Among white voters, though, Trump’s point might resonate. You’d have trouble finding a Republican anywhere on the spectrum who hasn’t had his or her views on an issue dismissed by a liberal at some point as prejudiced. Trump’s complaint will hit home with them. And they’re his target audience, remember, not minority voters. I mentioned this a few days ago in looking at the new NBC/SurveyMonkey poll: The racial demographic that’s doing the most damage to Trump isn’t blacks or Latino, it’s whites. He’s polling historically poorly among blacks in some (not all) surveys, but Republicans already lose so spectacularly among that group that it’s hard to meaningfully underperform. Among Latinos he’s consistently pretty close to Romney’s dismal pace in 2012 and sometimes ahead of it. He’s way behind Romney’s mark among white voters right now, though, because of Clinton’s success in winning over white women, white college grads, and white suburbanites (many of whom overlap, of course). He also tends to poll worse among his own mostly white party than Hillary does among hers, which may be due to some Republicans agreeing with Clinton that Trump’s politics are too racial. To improve on Romney’s losing share of the popular vote against Obama, Trump needs to pile up white votes. Calling for solidarity from Republicans and leaners against another nasty partisan Democratic attack about racism is an obvious way to do it. It’s “the boy who cried wolf”: If you tuned out Hillary Clinton and her party the last thousand times they accused the GOP of bigotry, why would you listen to her now about the alt-right? Even though, as anyone who’s interacted with the alt-right knows (and as the alt-right itself happily admits), they really are a very different, shall we say more “racially conscious,” strain of right-winger than movement conservatives.

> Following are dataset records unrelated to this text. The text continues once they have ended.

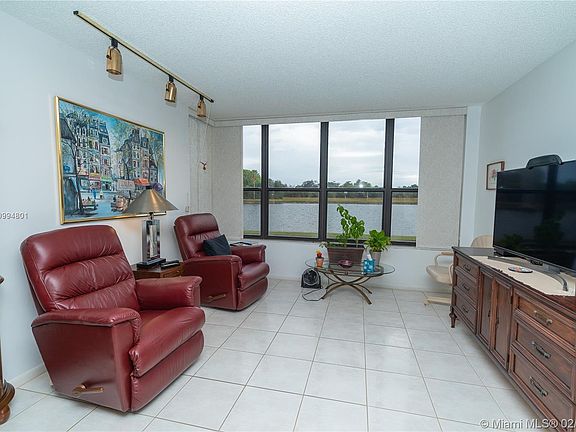 2nd image of 2767 S Carambola Cir S #103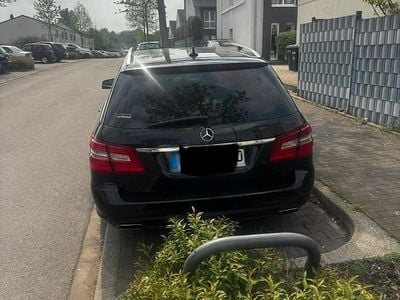 Usata Mercedes E500 408 CV (300 kW) 2012 Nero Station wagon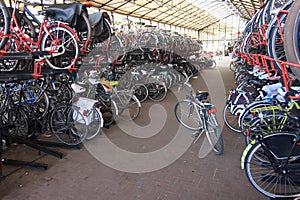 Double level parking for bicycles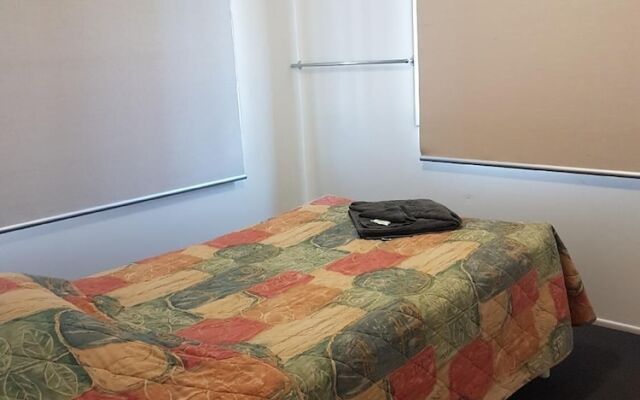 D'Aguilar Hotel Motel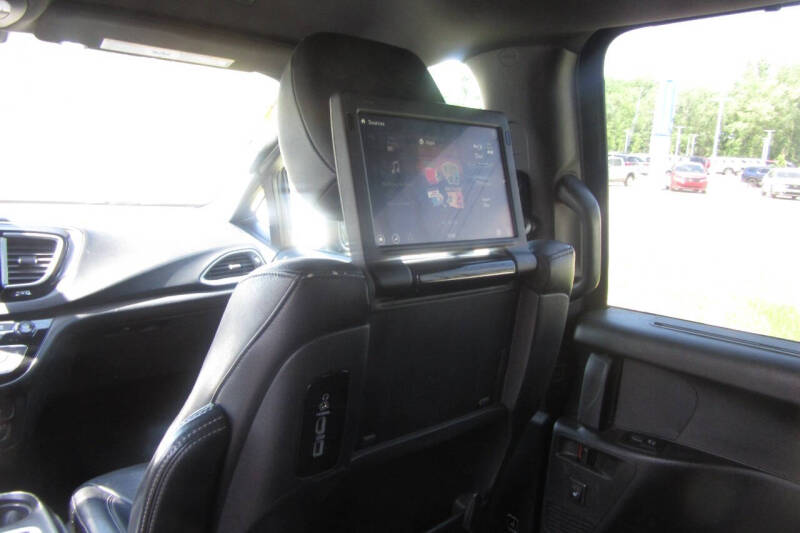 2018 Chrysler Pacifica Touring L Plus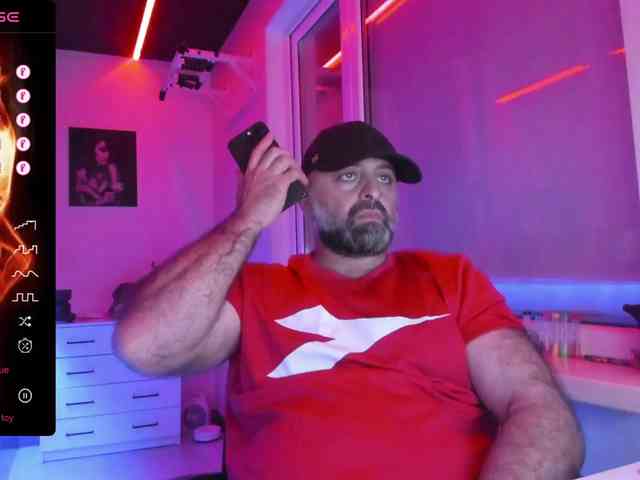 magabear Sex Cam Show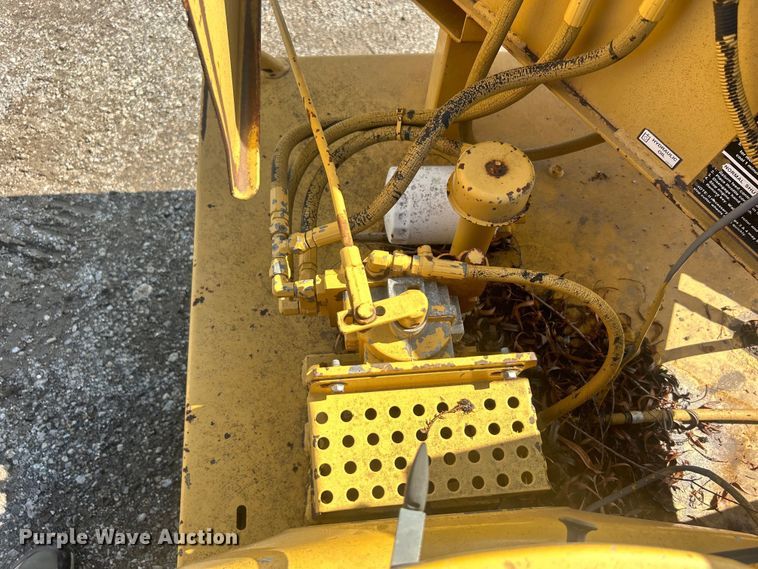 image for item DO6578 1994 Vermeer  620BC wood chipper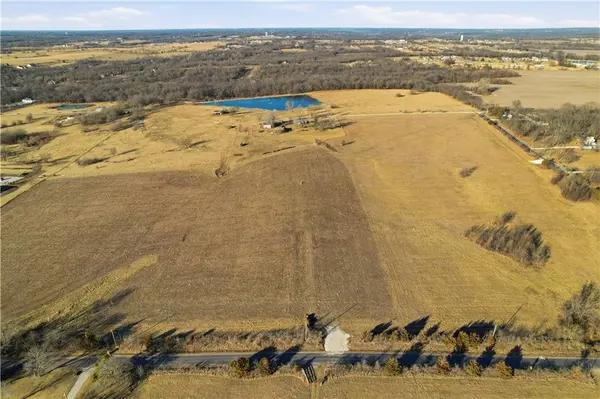 34506 E Stewart RD, Pleasant Hill, MO 64080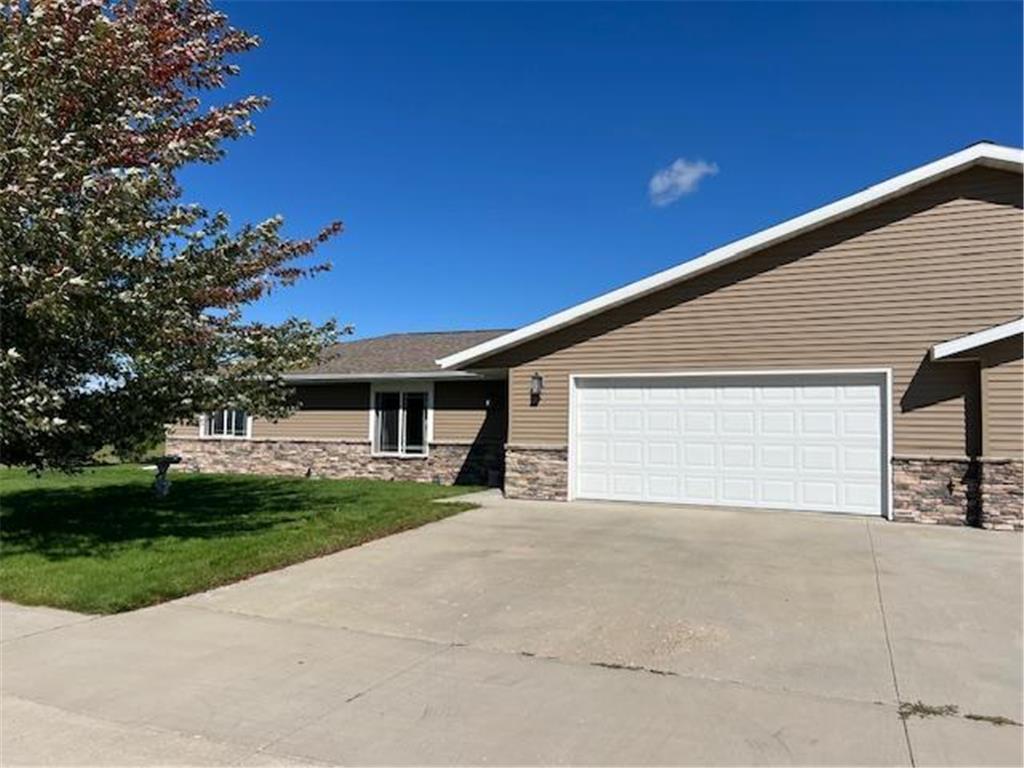 902 9th Street SW Perham MN 56573 6789162 image1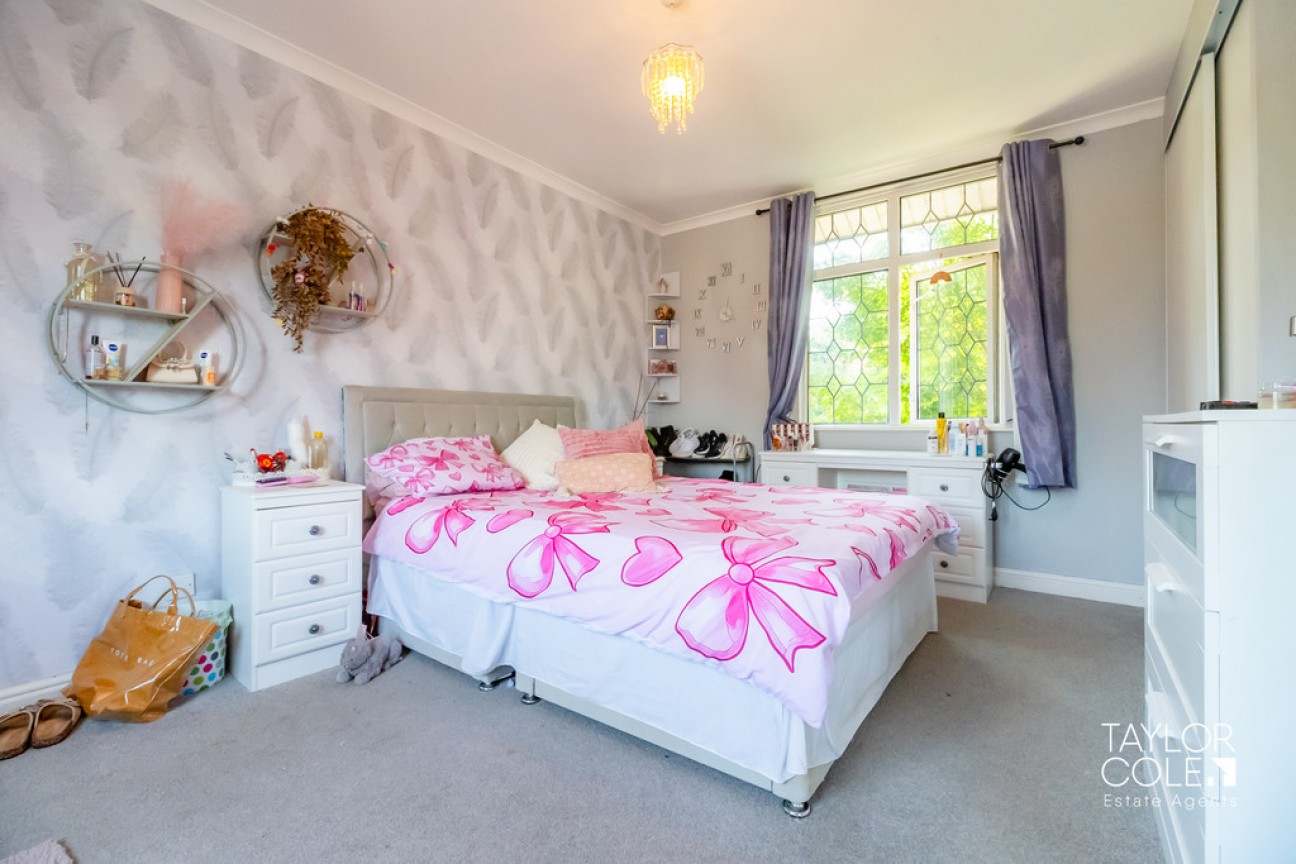 Bright Crescent, Tamworth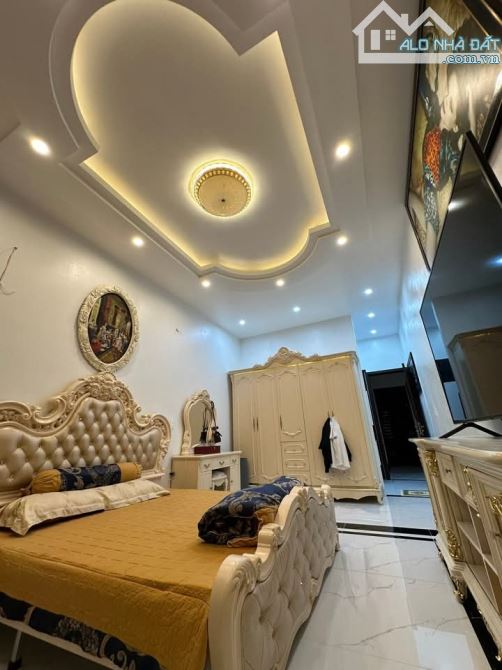 Nhà đẹp 3 tầng mặt đường Đinh Thị Ván - 6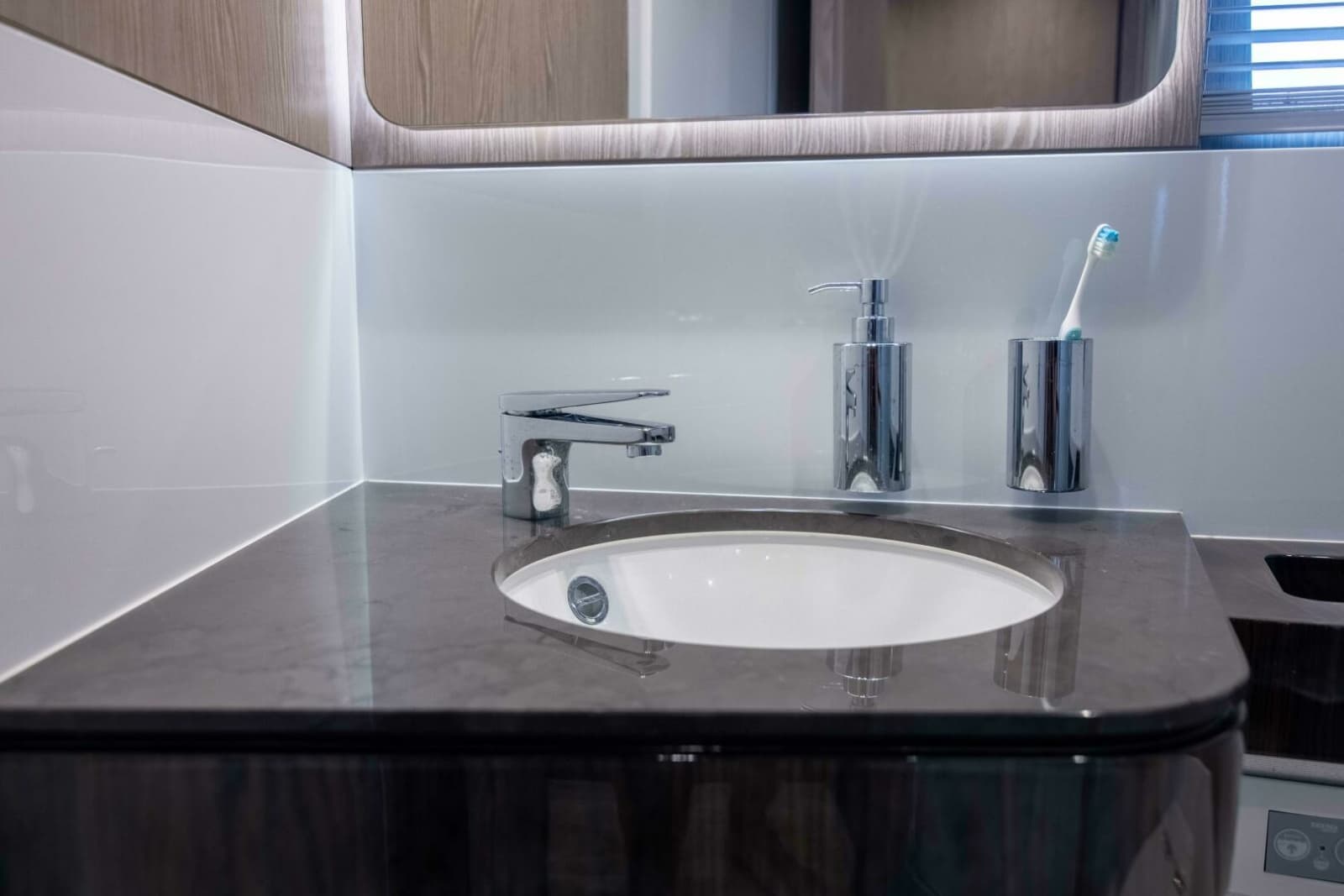 Azimut 70 Triple Play -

I wouldn’t hold my breath waiting for this:
You could imagine Clinton attack inadvertently forcing a long overdue Trump "Sister Souljah" moment against racists https://t.co/rqnB3URqq4
— Nate Cohn (@Nate_Cohn) August 25, 2016
Even now, after the Grand Amnesty Sellout, I think alt-righters would tolerate a calculated “Sistah Souljah” speech by Trump in the name of winning. That’s because they wouldn’t believe he was sincere about it; David Duke has said many times that he doesn’t hold Trump’s disavowals of his support against him because he knows it’s something Trump has to do protect himself politically. But Trump’s walkback on legalization has obviously complicated the calculus. He’s already pushed his alt-right further than they’d like to go by suggesting illegals might be allowed to stay. His minority outreach over the past two weeks can’t be playing well either. Dumping on them in a big speech would be pressing his luck, especially if his polling remains grim and they conclude that he’s not the vessel for a great nationalist takeover of government after all.
Update: A Twitter pal asked during Hillary’s speech why none of Trump’s primary opponents gave a speech like this. Answer: Because they would have opened themselves up to exactly this kind of rebuttal, that they were engaging in Democratic attacks by “crying racism.” The default assumption on the right is that, barring extraordinary evidence, every accusation of racism against a Republican is made in bad faith. Ted Cruz hitting Trump on this would have taken more of a beating from it (“Ted is a liberal!”) than Trump would.